> EXERCISE AIM:
Filter the records below down to lines containing "Sequinned".

> EXERCISE INPUT:

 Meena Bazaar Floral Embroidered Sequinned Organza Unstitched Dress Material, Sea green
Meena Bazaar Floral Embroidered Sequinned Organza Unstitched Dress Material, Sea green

--

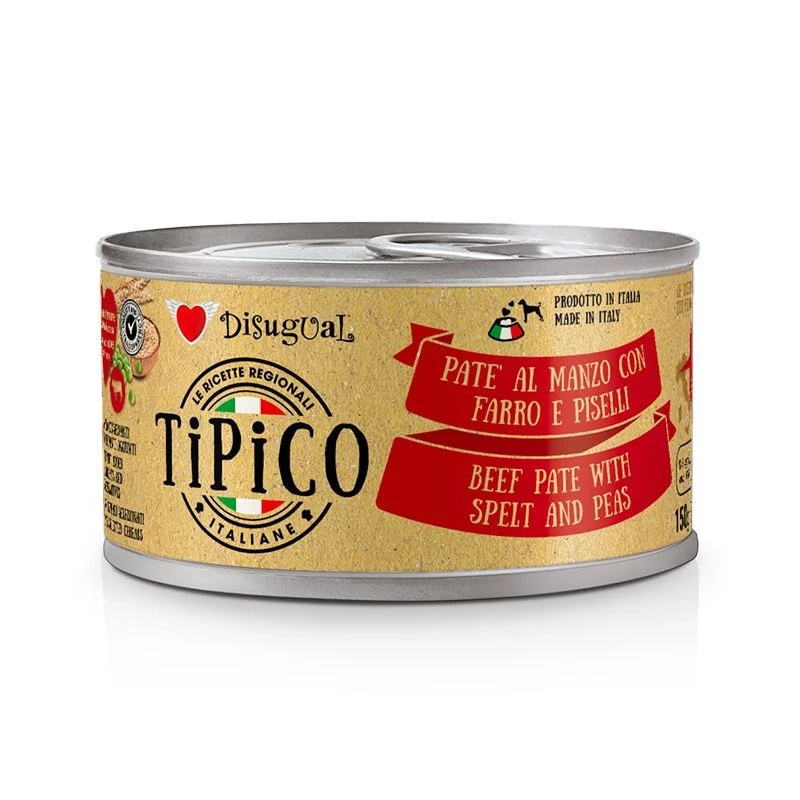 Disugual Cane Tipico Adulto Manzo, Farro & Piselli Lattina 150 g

> ANSWER:
 Meena Bazaar Floral Embroidered Sequinned Organza Unstitched Dress Material, Sea green
Meena Bazaar Floral Embroidered Sequinned Organza Unstitched Dress Material, Sea green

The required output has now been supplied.